Occorre tornare a dare serietà all’attività edilizia, la quale, siccome incide sui beni comuni e su valori costituzionali protetti, deve necessariamente essere programmata con rigore, sotto il profilo finanziario, da parte del richiedente il titolo abilitativo edilizio. Ed è quello che il legislatore ha previsto all’art. 15 TUE.
Del resto, la seria risposta al quesito postole, resa dall’Adunanza plenaria, è perfettamente in linea con il concetto di urbanistica fissato nell’art. 80 d.P.R. 616/1977 a mente del quale “Le funzioni amministrative relative alla materia urbanistica concernono la disciplina dell’USO del territorio comprensiva di tutti gli aspetti conoscitivi, normativi e gestionali riguardanti le operazioni di salvaguardia e di trasformazione del suolo nonché la protezione dell’ambiente”. E fino a quando una costruzione al grezzo impegna il territorio questo viene USATO in violazione della disciplina urbanistica, la quale impone che tutto sia ordinato e mantenuto tale.

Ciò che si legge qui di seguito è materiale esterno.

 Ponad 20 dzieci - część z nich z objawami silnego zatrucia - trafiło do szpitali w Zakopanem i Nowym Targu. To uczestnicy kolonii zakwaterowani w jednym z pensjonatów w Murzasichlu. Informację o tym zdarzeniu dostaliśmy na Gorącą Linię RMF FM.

Concludendo è sommamente auspicabile, alla luce della sentenza in commento, che la Suprema Corte di cassazione penale rimediti il sinora acquisito concetto di momento di cessazione della condotta illecita nell’abuso edilizio in chiave di protezione ambientale, di decoro urbano, di tutela del patrimonio culturale e di igiene dell’abitato.